Один лит. Это много. Атрелла пересчитала содержимое кошелька — тринадцать литов. Один сейчас — останется двенадцать. А в Ганеволе еще гостиницу нужно найти. И все-таки она зажала в пальцах монетку.
В дилижансе пассажирским был второй этаж. Атрелла отдала монету и поднялась по лестнице. На лавках сидели три человека и два фардва. Рыжий поднялся следом за девушкой, пересчитал пассажиров и сказал радостно:
— Ты — шестая! Счастливое число. Едем!
— А долго до Ганевола? — спросила Атрелла.
— Часа три-четыре, если метель не кончится. До полуночи будем в городе.
Только сейчас она рассмотрела рыжего водителя: было ему тоже лет семнадцать, а по ранней растительности на лице, чуть выкаченным синим глазам, короткой шее и в общем невысокому росту Атрелла безошибочно определила в нем фардва-полукровку.
Дилижанс был последним словом технической мысли. И хотя он, как и его предшественники, работал на перегретом пару — в отличие от них, воду грели не маги и не угольная топка, а недавно открытый минерал орион, способный нагреваться до пятисот градусов, если его масса достигала полутора килограммов.
Атрелла тонкостей всего этого не знала, просто однажды папа прочитал в вечерней газете, что теперь найдена достойная замена углю и магам-тепловикам — орион. Те маги, что работали на транспорте, пытались возражать, спорить, но места рабочие для них нашлись быстро — они всегда есть — и возражения скоро утихли. Рабочих мест стало еще больше.
В салоне было тепло. Атрелла устроилась на лавочке недалеко от лестницы, привалилась плечиком к окошку и стала ждать, когда, наконец, дилижанс тронется. Рыжий водитель копошился на первом этаже, сопел, пыхтел, чем-то стучал, но вот хлопнула дверь и послышался второй голос — видимо, напарник пришел. Из недр дилижанса донеслось равномерное чуханье, шипение, и огромная машина, задрожав, покатилась по каменистой, припорошенной снегом дороге.

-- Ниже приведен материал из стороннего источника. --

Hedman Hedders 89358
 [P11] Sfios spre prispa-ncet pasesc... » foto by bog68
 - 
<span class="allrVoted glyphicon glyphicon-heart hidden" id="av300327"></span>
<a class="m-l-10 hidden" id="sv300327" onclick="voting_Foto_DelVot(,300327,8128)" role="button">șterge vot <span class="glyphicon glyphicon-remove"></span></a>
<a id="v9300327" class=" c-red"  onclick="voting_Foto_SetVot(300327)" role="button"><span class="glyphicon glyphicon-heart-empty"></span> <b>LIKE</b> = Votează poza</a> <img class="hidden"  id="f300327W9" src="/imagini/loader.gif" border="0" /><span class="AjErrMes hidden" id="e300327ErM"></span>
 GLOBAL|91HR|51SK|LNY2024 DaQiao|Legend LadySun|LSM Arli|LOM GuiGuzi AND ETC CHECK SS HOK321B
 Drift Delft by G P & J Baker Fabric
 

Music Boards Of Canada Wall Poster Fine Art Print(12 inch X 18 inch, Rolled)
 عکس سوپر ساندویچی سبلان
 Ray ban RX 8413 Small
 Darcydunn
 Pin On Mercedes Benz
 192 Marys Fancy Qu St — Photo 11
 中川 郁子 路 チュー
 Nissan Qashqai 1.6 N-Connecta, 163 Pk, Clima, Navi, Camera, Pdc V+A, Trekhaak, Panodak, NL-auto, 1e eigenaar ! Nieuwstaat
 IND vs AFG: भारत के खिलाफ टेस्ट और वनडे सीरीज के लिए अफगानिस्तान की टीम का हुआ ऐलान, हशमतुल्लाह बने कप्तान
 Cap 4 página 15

Дорога вела на юг. Атрелла думала: что делает отец? Наверняка сейчас или разговаривает с гендером… или нет, пошел, наверное, к бывшему своему помощнику из госпиталя — Гедерину. Хотя вряд ли, если и пойдет, то не на ночь глядя. Один он не решится делать операцию. Обязательно нужен ассистент, который контролировал бы работу сердца и легких оперируемого. Все-таки отчасти отец прав — это не бородавку срезать и не увеличить грудь моднице или половые принадлежности ловеласу, это полная переделка организма, от скелета частично, до половой сферы. Она всегда любовалась работой отца, несмотря на то, что последний год на его столе лежали одни лишь ломучие гендеры — работой виртуоза невозможно не любоваться. Руки лекаря — его инструмент. От кончиков аккуратных, закругленных и чуть заточенных ногтей до локтя. Каждое движение выверено и завершено.